SURVIVORMAN VS. MAN VS. WILD

I used to pick on "Survivorman" Les Stroud in these pages. He was guilty of being a showman first and an educator second. That's fine if your show is about baking or home decorating. When it comes to survival however, I think we all know that facts have to trump hype and ratings.

In any case, I sat through season one of Survivorman and then tore it up pretty good in these pages. Then I stopped watching altogether. Over time, a bunch of you, the readers, have written me and asked that I give Les another go around.

It turns out that Les has gotten a lot better. It seems that the all too sensationalistic Survivorman episodes where Les attempts to survive with a pen, a rubber band, a paper clip and a stick of gum may be gone. He's now started to use some common sense, and he's even begun to stress preparedness and survival kits when trekking in hostile environments. He's also begun to get into the nitty gritty of shelters, fire, water and food. His prioritization has likewise improved to the point where he's not likely to get anyone killed. Kudos to Les on the turnaround and newfound common sense approach.
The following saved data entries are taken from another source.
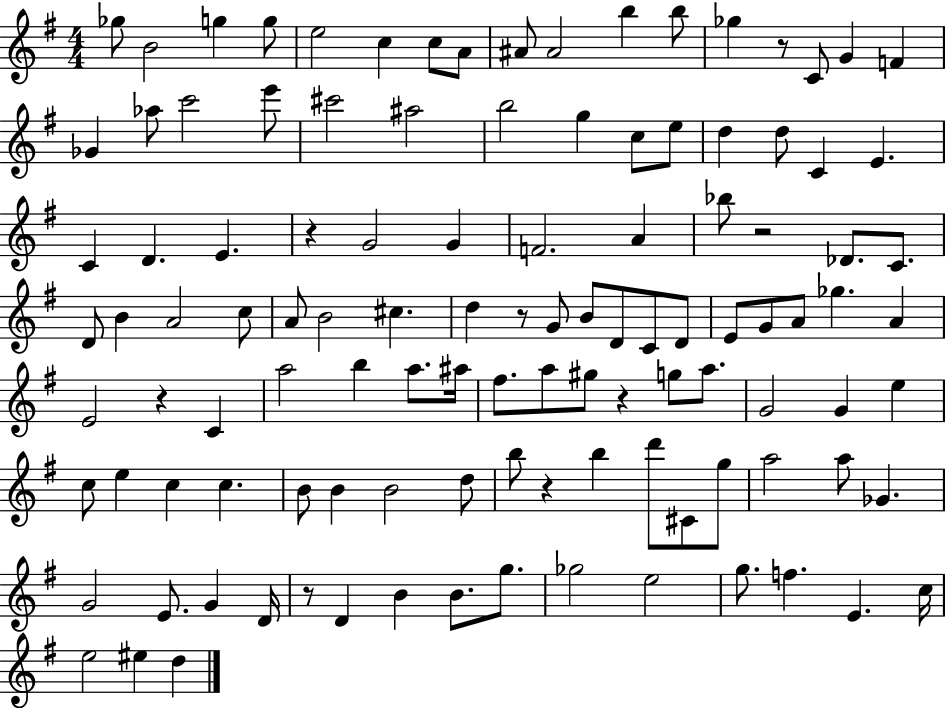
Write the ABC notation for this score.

X:1
T:Untitled
M:4/4
L:1/4
K:G
_g/2 B2 g g/2 e2 c c/2 A/2 ^A/2 ^A2 b b/2 _g z/2 C/2 G F _G _a/2 c'2 e'/2 ^c'2 ^a2 b2 g c/2 e/2 d d/2 C E C D E z G2 G F2 A _b/2 z2 _D/2 C/2 D/2 B A2 c/2 A/2 B2 ^c d z/2 G/2 B/2 D/2 C/2 D/2 E/2 G/2 A/2 _g A E2 z C a2 b a/2 ^a/4 ^f/2 a/2 ^g/2 z g/2 a/2 G2 G e c/2 e c c B/2 B B2 d/2 b/2 z b d'/2 ^C/2 g/2 a2 a/2 _G G2 E/2 G D/4 z/2 D B B/2 g/2 _g2 e2 g/2 f E c/4 e2 ^e d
Which brings me to the point of this article...

You, the readers, have been writing in and begging for me to write up Bear Gryls and his show, "Man vs. Wild". You've asked how I could perform the literary equivalent of disembowelment on Les Stroud while leaving Bear Gryls untouched... and you're ABSOLUTELY CORRECT.

As such, consider this page my humble retraction on Les. As for "Bear" Gryls, let's now make ourselves a "Bear" skin rug.
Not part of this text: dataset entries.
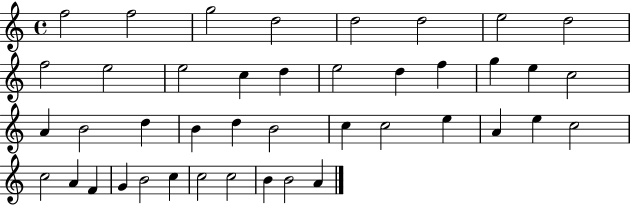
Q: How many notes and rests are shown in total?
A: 42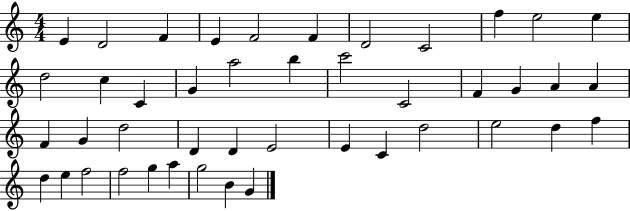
{
  \clef treble
  \numericTimeSignature
  \time 4/4
  \key c \major
  e'4 d'2 f'4 | e'4 f'2 f'4 | d'2 c'2 | f''4 e''2 e''4 | \break d''2 c''4 c'4 | g'4 a''2 b''4 | c'''2 c'2 | f'4 g'4 a'4 a'4 | \break f'4 g'4 d''2 | d'4 d'4 e'2 | e'4 c'4 d''2 | e''2 d''4 f''4 | \break d''4 e''4 f''2 | f''2 g''4 a''4 | g''2 b'4 g'4 | \bar "|."
}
Les gets chewed by mosquitoes in the night while Bear snores on Egyptian cotton. Les starves while Bear nibbles on fine cuisine. Les is at least braving the elements, while Bear stays in 5-star resorts. It's a well documented fact that Bear Gryls is a gigantic fraud. British tabloids and other reporters have repeatedly caught Bear living in the lap of luxury while he's supposedly "roughing it". Discovery channel was eventually forced to post a disclaimer at the beginning of Bear's shows that they are not in fact reality. This from a show that portrayed his exploits as reality for several seasons.

What I used to think of as sensationalism from Les is nothing compared to the dancing, dung-eating, ass-clown spectacle that is Bear-Gryls.

My advice on Bear Gryls is really simple.... DON'T EVER DO ANYTHING THAT THIS ASSHOLE DOES! Attempting to survive by emulating Bear Gryls will likely get you killed. I've braved multiple episodes of "Man vs. Wild" and I feel like I get dumber each time I watch. Bear is all about ratings, and he could give two shits about imparting valid priorities or information. Simply put... avoid this kind of drivel... you'll be better off.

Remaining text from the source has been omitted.